Œdipe-roi
- Le Sphinx : « Il y a une énigme dans ta vie ».
- Œdipe : « Je ne veux pas le savoir, je ne veux pas le savoir ».
il fait basculer le Sphinx dans l'abîme.
- Le Sphinx : « Cela ne sert à rien, l'abîme est en toi ».
Ce dialogue que Pier-Paolo Pasolini a ajouté au texte de Sophocle (abondamment élagué par ailleurs), éclaire tout un pan de son Œdipe-Roi. Le Sphinx selon Pasolini n'est autre que l'inconscient d'Œdipe, son autre moi, un moi qu'il refuse, mais qu'il refuse en vain : il est là, en lui, il faudra bien qu'il en prenne conscience ou, à tout le moins, qu'il l'assume. « Œdipe peut faire l'amour avec sa mère seulement à condition de refouler le Sphinx dans l'abîme, c'est-à-dire dans son propre inconscient ». (Pasolini, « Cahiers du Cinéma », novembre 1967).
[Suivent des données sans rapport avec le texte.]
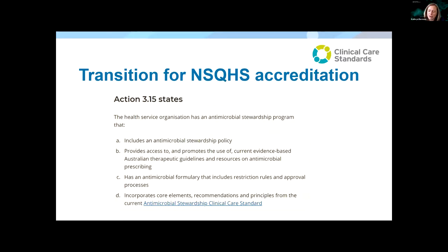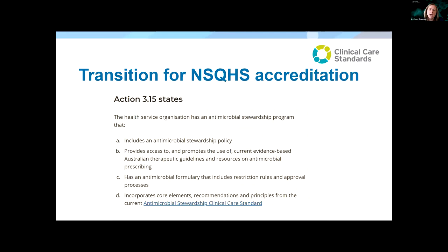What does it mean for accreditation? This does need to transition for the National Safety and Quality Health Service Standards. Standard 3.15D specifically refers to incorporating core elements and recommendations and principles from this standard. Transition is required — indicators won't be specified for a little time yet. Until 31 December 2021, you're able to use whichever version you feel is most appropriate, and they will be made available on the Commission's resources until that point. From 2022, assessors will be advised that organisations should be focusing on the 2020 version for the purposes of accreditation.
Aussi bien, derrière le masque « africain » sous lequel il a dissimulé le Sphinx, Pasolini a-t-il pris soin de laisser apparaître les jambes et les cuisses d'un homme, comme pour suggérer concrètement quelque lien humain entre la divinité mythologique et celui qui s'adresse à elle... Le Sphinx, comme la Pythie, n'est qu'un masque. Que dissimule-t-il ?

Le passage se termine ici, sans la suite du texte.